Maar op de een of andere manier slaagden ze er in niets te vinden: geen NOS-microfoon, verstopt in een verborgen zijvak van mijn backpack, en ook de kartonnen dozen vol contant geld zagen ze over het hoofd.
Het was ergens in april van dit jaar en we hadden geluk, al was dit nog maar het begin van onze reis door Venezuela. Twee weken lang maakten we mee hoe moeilijk het is om daar te werken, laat staan te overleven. Het was voor mij de indrukwekkendste reportagereis van 2017.
Implosie
Dit was geen goed jaar voor het Zuid-Amerikaanse land. Venezuela is al jaren bezig met een soort langzame implosie, maar in 2017 ging het heel snel bergafwaarts. President Maduro maakte korte metten met de allerlaatste restjes democratie, hij gaf toe dat hij zijn schulden niet meer kon betalen en steeds meer mensen ontvluchtten het land.
We waren er tijdens de golf van manifestaties van de oppositie. Vrijwel dagelijks gingen duizenden mensen de straat op, en bijna altijd liep dat uit op confrontaties met de politie. De autoriteiten waren nerveus en tientallen buitenlandse journalisten waren aan de grens tegengehouden. Officieel heb je een vergunning nodig om als verslaggever te mogen werken in Venezuela, maar het aanvragen voor zo'n vergunning is kansloos.

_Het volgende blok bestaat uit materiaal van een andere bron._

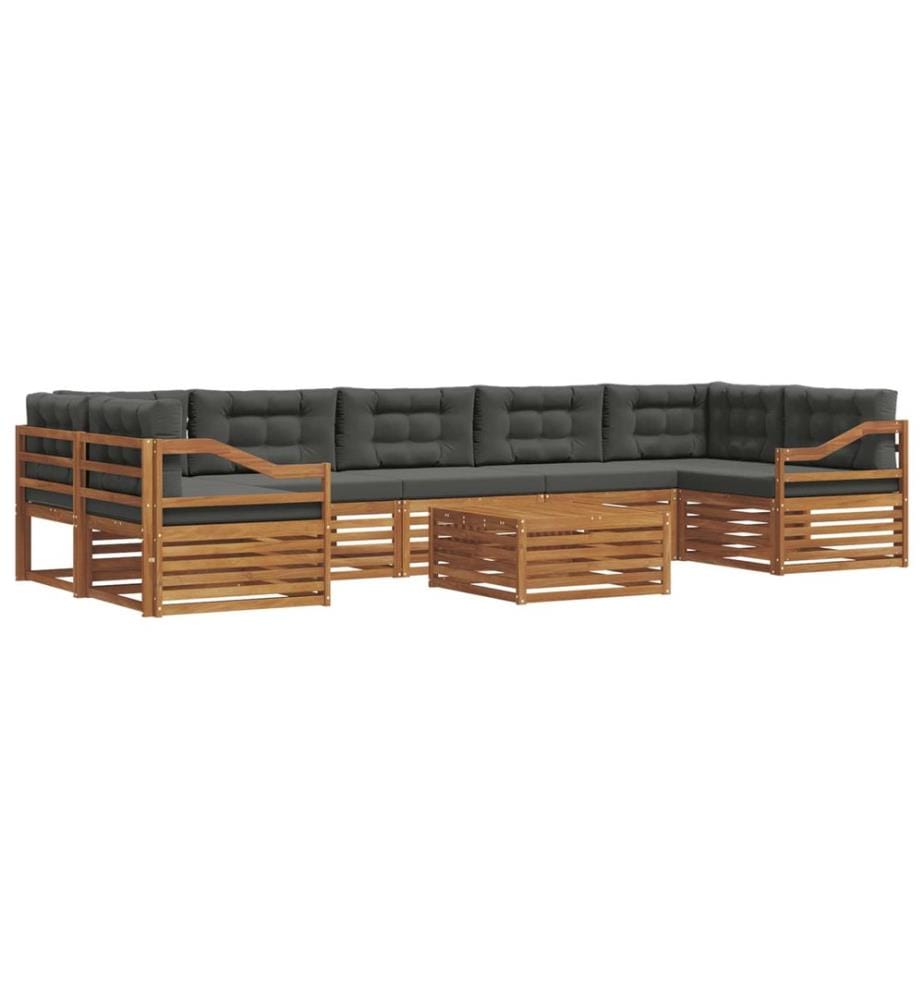 vidaXL Ensemble de canapés d'extérieur 8 pcs Naturel et Anthracite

Wij hadden het ook geprobeerd via de officiële weg, maar dat bleek al snel volstrekt zinloos. Daarom reisden we nu illegaal. Als toeristen, vanuit het zuiden bij de grens met Brazilië, dwars door het land naar Caracas, het epicentrum van de protesten.
Logistieke nachtmerries
Binnenkomen bleek een eitje. Maar eenmaal onderweg stuitten we keer op keer op problemen, gevaren en logistieke nachtmerries. Ik ben sinds 2007 meerdere malen in Venezuela geweest als journalist, niet eerder was het zo moeilijk werken als nu. Zo makkelijk als de grenswachten ons hadden doorgelaten, zo lastig was het onderweg. Om de twintig minuten was er wel weer een wegafzetting en iedere keer was het spannend.
Het was maar een van de vele problemen die we ondervonden tijdens deze road trip door Venezuela. Het begint al met het geld. Venezuela heeft een ingewikkeld systeem van verschillende kunstmatige wisselkoersen. In de praktijk komt het erop neer dat je volgens die officiële koers in het minst gunstige geval rond de tien bolívar krijgt voor een euro, terwijl de straatwaarde van een euro in april al rond de 4000 bolívar lag.

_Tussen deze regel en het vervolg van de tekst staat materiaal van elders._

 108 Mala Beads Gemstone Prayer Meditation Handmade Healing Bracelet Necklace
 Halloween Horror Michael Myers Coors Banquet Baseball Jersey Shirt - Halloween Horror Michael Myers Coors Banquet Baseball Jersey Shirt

Het is dus zeer verstandig om op de zwarte markt geld te wisselen en contanten mee te slepen. Maar dat is steeds lastiger: inmiddels is de euro al meer dan 130.000 bolívar waard, bijna een minimum-maandloon. Dat betekent dat je tassen vol geld moet meeslepen.

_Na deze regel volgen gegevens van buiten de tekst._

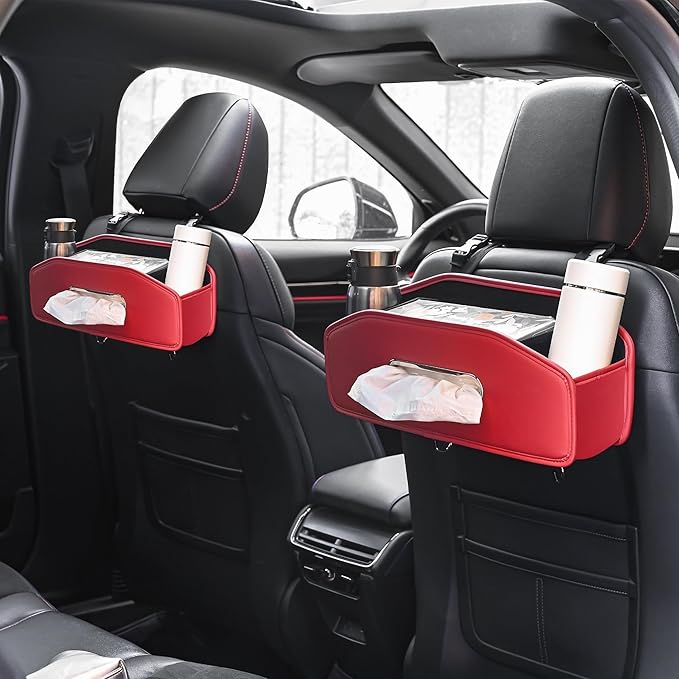 JEYODA Car Seat Back Organizer with 2 Drink Cup Holder,Car Tissue Holder and Storage Box Hook, 3 in 1 Multifunctional Storage for Food Drink Phone, Travel Accessories (red)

Er zijn momenten dat we tegen ons journalistieke instinct in besluiten iets niet te filmen, vanwege het risico op problemen.
In april hadden wij kartonnen dozen met bankbiljetten mee. Geen prettig gevoel in een land met een indrukwekkend criminaliteitsprobleem.
Overal onderweg zijn we op onze hoede. Je kunt beter niet na zonsondergang op de weg blijven, vanwege het gevaar op overvallen. Je kunt ook niet overal even stoppen om iets moois te filmen.
Te gevaarlijk
Dat gevaar van geweld is op zich niets nieuws. Maar de criminaliteit is elk jaar weer een graadje erger. En op de politie hoef je niet te rekenen: die vormt bij deze reis alleen een potentieel gevaar. We hebben immers geen vergunning om te filmen. Er zijn momenten dat we tegen ons journalistiek instinct in besluiten iets niet te filmen, vanwege het risico op problemen.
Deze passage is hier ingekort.